February 23, 2021•424 words
First off the good things. I learned how to solve a rubik's cube (sub 5mins so far), and I'm getting back into anime with the new season of log horizon and Kuroko no Basket.
I've been having trouble with digital minimalism. Staying off social media is easy but I don't think I was ready for the social isolation that comes from it. I have all the things against me, I was homeschooled growing up, moved to a rural area when I was about twelve, and drove an hour to university so I never really got to take part in all the activities. Durring university things got better when I got into a relationship that pushed me to be better but between lockdowns and general isolation with covid I feel like i've regressed to before university. I'm better with people now but the majority of my friends and acquaintances are now far away or grown apart from each other. Social media is one of the last connections I have with people and deleting it has made the problem more clear that I need friends.
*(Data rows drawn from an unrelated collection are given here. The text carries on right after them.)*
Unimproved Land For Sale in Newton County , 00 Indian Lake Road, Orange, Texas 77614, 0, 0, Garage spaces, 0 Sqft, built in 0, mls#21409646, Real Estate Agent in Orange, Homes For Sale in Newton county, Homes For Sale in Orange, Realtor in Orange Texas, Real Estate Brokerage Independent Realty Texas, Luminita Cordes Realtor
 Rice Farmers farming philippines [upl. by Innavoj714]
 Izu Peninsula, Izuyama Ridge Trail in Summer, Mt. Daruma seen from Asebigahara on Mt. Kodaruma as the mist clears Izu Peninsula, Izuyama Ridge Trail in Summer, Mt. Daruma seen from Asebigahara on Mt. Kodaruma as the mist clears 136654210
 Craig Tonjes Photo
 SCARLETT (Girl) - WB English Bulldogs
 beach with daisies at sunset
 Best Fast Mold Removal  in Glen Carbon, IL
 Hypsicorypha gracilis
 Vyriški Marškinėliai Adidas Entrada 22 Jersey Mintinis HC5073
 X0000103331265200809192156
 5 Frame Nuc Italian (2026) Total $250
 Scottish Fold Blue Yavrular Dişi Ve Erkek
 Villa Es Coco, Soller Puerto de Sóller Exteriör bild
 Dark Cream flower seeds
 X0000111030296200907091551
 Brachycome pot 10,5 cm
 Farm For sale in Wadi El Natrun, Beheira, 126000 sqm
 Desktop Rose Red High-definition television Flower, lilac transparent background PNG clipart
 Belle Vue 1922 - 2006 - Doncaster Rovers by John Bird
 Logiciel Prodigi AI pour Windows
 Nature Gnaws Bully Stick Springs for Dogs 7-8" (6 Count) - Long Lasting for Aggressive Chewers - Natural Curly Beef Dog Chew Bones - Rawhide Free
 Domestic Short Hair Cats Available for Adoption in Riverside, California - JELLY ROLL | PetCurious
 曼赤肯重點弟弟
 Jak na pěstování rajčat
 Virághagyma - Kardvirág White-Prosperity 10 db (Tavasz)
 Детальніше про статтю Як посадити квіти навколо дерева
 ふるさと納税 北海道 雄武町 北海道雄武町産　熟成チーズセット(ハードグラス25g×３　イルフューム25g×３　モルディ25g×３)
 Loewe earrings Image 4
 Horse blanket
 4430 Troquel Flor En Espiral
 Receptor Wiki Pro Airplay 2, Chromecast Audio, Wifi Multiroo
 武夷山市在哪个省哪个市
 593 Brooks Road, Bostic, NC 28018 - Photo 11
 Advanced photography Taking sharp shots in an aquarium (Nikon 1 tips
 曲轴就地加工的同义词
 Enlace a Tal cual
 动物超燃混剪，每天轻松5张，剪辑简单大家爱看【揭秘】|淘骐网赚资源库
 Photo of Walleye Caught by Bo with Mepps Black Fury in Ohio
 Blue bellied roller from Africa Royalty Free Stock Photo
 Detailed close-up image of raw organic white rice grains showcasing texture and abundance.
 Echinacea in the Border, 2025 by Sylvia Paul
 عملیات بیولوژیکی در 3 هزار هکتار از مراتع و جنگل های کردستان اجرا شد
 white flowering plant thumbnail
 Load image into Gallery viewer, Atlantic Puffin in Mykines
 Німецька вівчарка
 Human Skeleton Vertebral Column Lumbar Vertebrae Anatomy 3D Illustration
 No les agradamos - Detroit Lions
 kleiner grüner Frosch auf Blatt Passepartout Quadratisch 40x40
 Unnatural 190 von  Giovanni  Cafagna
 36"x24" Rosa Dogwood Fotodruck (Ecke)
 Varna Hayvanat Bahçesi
I find myself in the mindset that I don't even know what friends are anymore, the feeling is akin to not knowing how to be in a romantic relationship because you've never been in one or it's been too long to remember. I'm sure with both it would be like relearning how to ride a bike, it's super easy. With no bikes to ride and not being in an area where there are many bikes sold (especially high quality ones) how can one relearn. I'm trying but not as hard as I can. I think I'm going to double down on my digital minimalism with actively avoiding Youtube, as much as it is a source of creativity, learning, and entertaining short form news it is a time sink that sucks away any hard earned leisure time. Another short goal is if I find local friends that game online then I can strengthen that bond with some light gaming but push for in person interactions.
This might seem like all doom and gloom but I'm still have a optimist outlook on life. There is peaks and valleys but that only takes a small portion of our life and if we only focus on them then life will be shorter than it already is. Life should be pulled like taffy, squeezed to the very last drop. Relax but also go.
thank you for time. I hope to have a more favorable update soon.